July 25, 2011; Cleveland, OH, USA; Cleveland Indians third baseman Lonnie Chisenhall (27) has a ball go off his glove in foul territory against the Los Angeles Angels at Progressive Field. Mandatory Credit: Eric P. Mull-US PRESSWIRE

2012 Player Preview: Lonnie Chisenhall


As we count down the days until the start of the season, we’re profiling every player who has a chance to make the Cleveland Indians’ Opening Day roster and how he could impact the team. Today, we turn our attention to the Tribe’s third baseman of the future, if not the present: Lonnie Chisenhall.

Background: The Indians took Chisenhall, now 23, out of Pitt Community College in the first round (No. 29 overall) of the 2008 MLB amateur draft —right after Gerritt Cole, who went on to become the No. 1 overall pick in 2011. He quickly earned a reputation as one of the most promising young players in the game, placing 31st and 25th on Baseball America‘s 2010 and 2011 top prospects lists, respectively, and inheriting the title of the Indians’ top prospect when Carlos Santana got promoted.

Last year: Chisenhall started the 2011 season with Triple-A Columbus and earned a call-up to the majors after hitting .267/.353/.431 in roughly half a minor-league season.
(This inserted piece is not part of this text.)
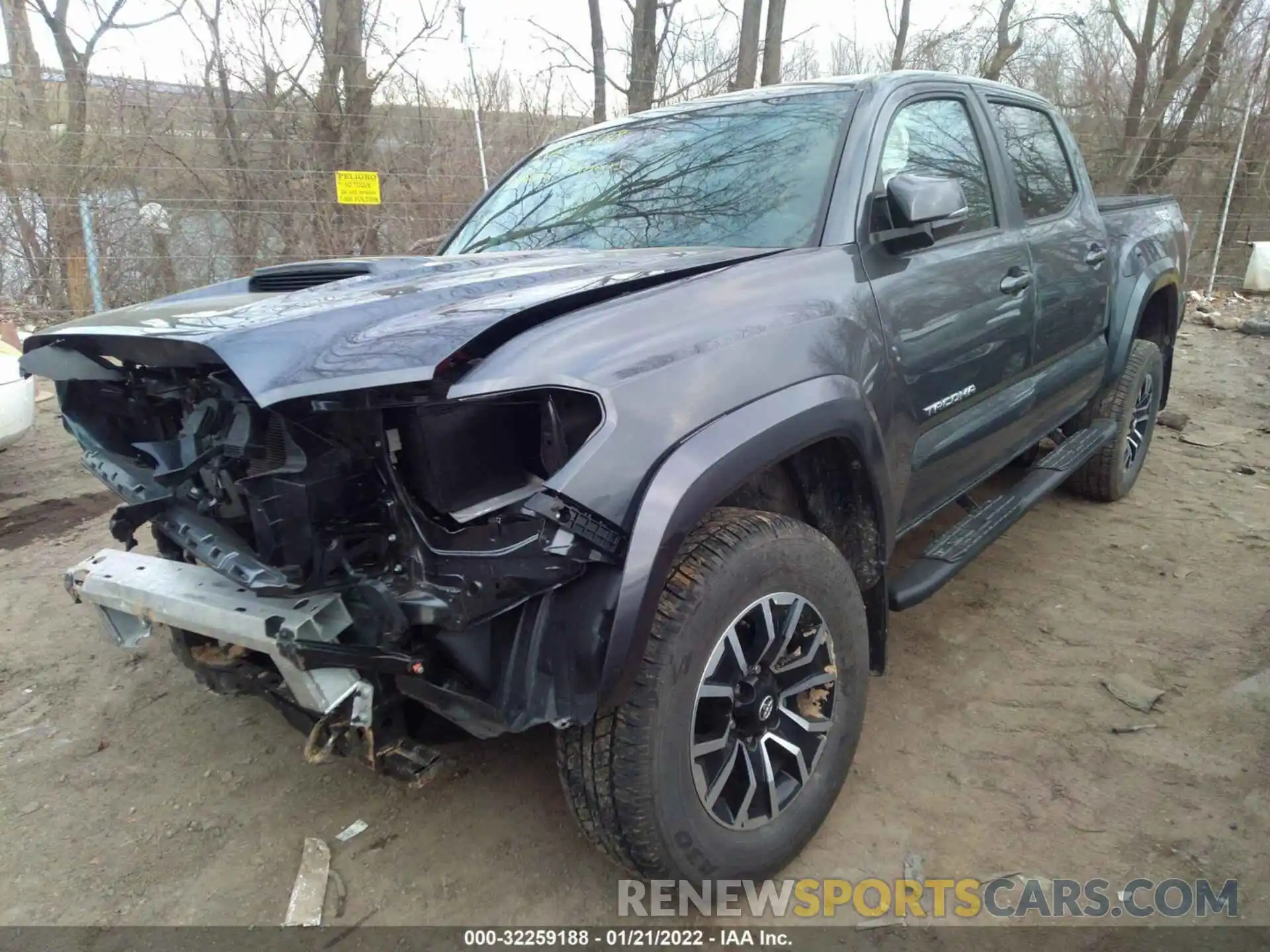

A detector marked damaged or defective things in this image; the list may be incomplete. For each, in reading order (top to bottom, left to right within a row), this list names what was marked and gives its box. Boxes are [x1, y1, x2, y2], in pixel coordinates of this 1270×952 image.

In 66 games with the parent club, Chiz hit .255/.284/.415 with 7 home runs, 22 RBI, and 27 runs scored. His underwhelming performance corresponded with the complete collapse of his plate discipline: his walk rate fell from nearly 10 percent in the minors to less than 4 percent in the majors, while his strikeout rate jumped from just over 16 percent to 22 percent.

He’s still a work in progress at third base, but while he wasn’t at Jack Hannahan‘s level he definitely held his own defensively. FanGraphs, Baseball-Reference, and Baseball Prospectus all valued his performance between 0.7 and 1.0 wins above replacement.
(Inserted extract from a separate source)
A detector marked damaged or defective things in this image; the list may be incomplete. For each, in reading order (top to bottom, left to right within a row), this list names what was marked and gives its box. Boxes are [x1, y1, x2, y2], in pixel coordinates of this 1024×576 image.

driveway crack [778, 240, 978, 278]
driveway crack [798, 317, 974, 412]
Key factor: Plate discipline. You don’t need to walk a lot to be a good MLB player—Ichiro Suzuki is probably the poster boy for that—and the active leaders in strikeouts are Jim Thome and Alex Rodriguez. But you need elite contact skills to post a solid OBP without many free passes and impressive power to overcome high strikeout totals; Chisenhall isn’t exactly Ichiro or A-Rod.

Chisenhall could still be a useful player even if his plate discipline doesn’t improve—after all, he was last year—but both he and the Indians would probably be best served by Chisenhall starting the year in Triple-A.
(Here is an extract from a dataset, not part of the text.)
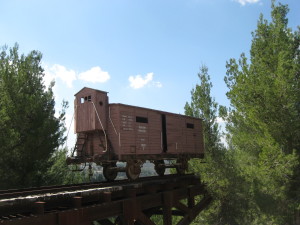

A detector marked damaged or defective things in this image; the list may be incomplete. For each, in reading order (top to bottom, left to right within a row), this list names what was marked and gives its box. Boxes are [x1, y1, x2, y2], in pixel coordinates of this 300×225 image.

2012 projections: Courtesy of FanGraphs: (*—estimated with the new and improved Simple WAR Calculator)

Take out RotoChamp and you’ve got yourself a consensus: Chisenhall’s walk rate will climb past 6 percent, his strikeout rate will fall below 20 percent, and he’ll be about a league-average hitter, give or take. It’s probably not what the Indians were planning to see from him in his sophomore season, but it’s not bad a 23-year-old.

Best-case scenario: Chisenhall convinces the Tribe brass that his plate discipline struggles were a fluke of the sample size and wins the starting job. Given consistent playing time from the get-go, his K/BB ratio falls from over six to less than two and his promised power comes both earlier and stronger than expected. He starts almost every game and his improved defense makes Hannahan seem expendable even as a defensive replacement.

Worst-case scenario: Chisenhall starts the year in Triple-A…and struggles there, too. Even in the minors it takes several weeks for his plate discipline to get back on track, and the impatient, way-too-soon whisperings about his being a bust begin. Hannahan shows that he really can hold his own in the lineup, while one or more of Jason Donald, Cord Phelps, Jose Lopez, and Andy LaRoche proves to be a more-than-competent backup. He’s lucky if he makes it to the majors in 2012 at all.

Most likely scenario: The announcement comes in the next few days that Chisenhall will be sent to Triple-A—his spring training performance has only reinforced concerns about his walks and strikeouts. He makes it back to the majors by mid-June as he shows improvement or Hannahan struggles and gets the majority of starts at the hot corner through the end of the year. He might not quite live up to his Steamer projection, but if he wins the everyday job for a contending team he’ll have to play at least somewhere near that level.